Wednesday, September 21, 2011

Why I think cloud computing should be considered a “platform” by adopters!

In this post attempt to explore various components that collectively define cloud computing as a platform. It is to be noted that I have deliberately used the term platform, in this context to highlight the importance of services extended by each layer to enable the notion of unlimited available resources. While virtualization technologies enable efficient use of resources, by marginally over-committing computing resources, with an assumption that not all partitions of a system will consume all resources at all times. This assumption is further accentuated by a policy driven approach that factors in resource prioritization at times of contention, by allocation resources to most important partition or application. While virtualization can be seen as a foundation for cloud computing platform, virtualization alone cannot be and should not be mistaken for a cloud computing platform. As a platform cloud computing attempts to address several IT operational and business including (but not limited to):

a. Escalating costs of hosting ‘over-provisioned’ and application specific

environment.

b. Reduced ‘ramp-up’ time for provisioning hardware and software resources

for various environments (Development, Staging and production).

c. Cost Effective solution by re-use of software and hardware assets.
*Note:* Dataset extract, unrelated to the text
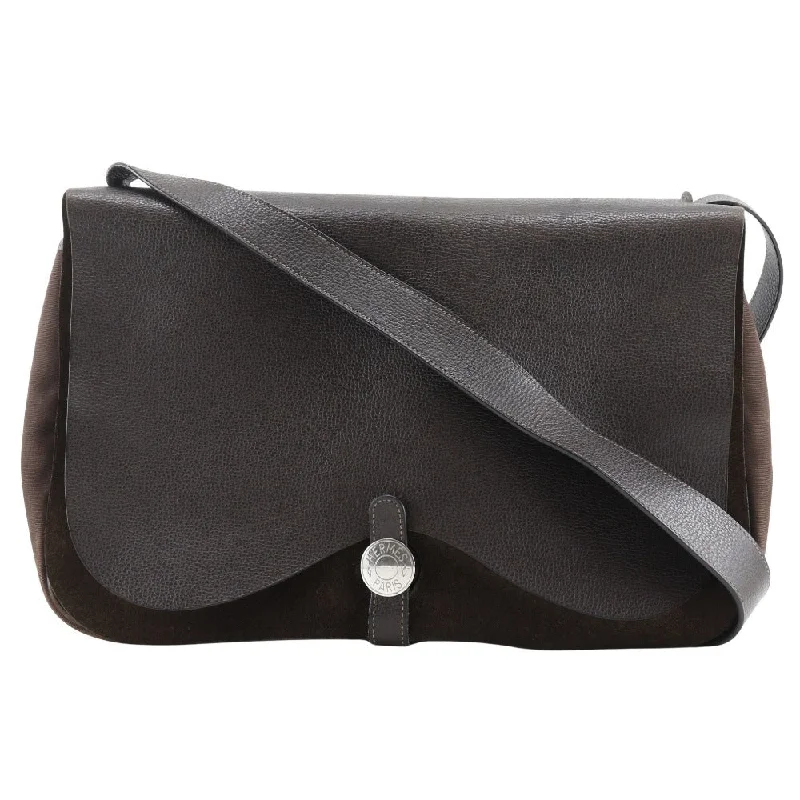 Stupidly Low Prices Hermes Sac Colorado GM Shoulder Bag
d. Reduction in support and maintenance costs with use of standardized (at

times virtual) images.

So it is evident that the over arching goal of cloud computing platform is to provide a cost effective solution to the end user with tremendous flexibility and agility. The flexibility and agility thus become important facets of any cloud platform, as these concepts are basic to the intrinsic value enabled by cloud of resources. To achieve the elasticity and agile on demand provisioning thus requires a system that is not only self sustainable but also sensitive to growth. Let’s explore what this means. A true cloud platform provides an illusion of infinite computing resources available on demand. The notion of on demand infinite computing resources requires a systemic approach that includes sense and response subsystems, with a tie into a system level monitoring subsystems which is front ended by a rich user interface and all tied together by a robust governance sub system. These sub systems can be further classified as a complete and inseparable components of a cloud computing platform. We will discuss them in detail in later posts, but it is important to understand the relevance of these sub systems as vital design imperatives of a cloud computing platform. Cloud computing is a new consumption and delivery model nudged by consumer demand and continual growth in internet services. Cloud computing exhibits the following at least 6 key characteristics:

a. Elastic Environment

b. Provisioning Automation

c. Extreme Scalability

d. Advanced Virtualization

e. Standards based delivery

f. Usage based equitable chargeback

I thus, deliberately use the term platform in context of cloud computing

environment that facilitates flexibility, robustness and agility, as a systemic

approach in providing a stage to hosting applications without the concern for

availability or provisioning of underlying resources.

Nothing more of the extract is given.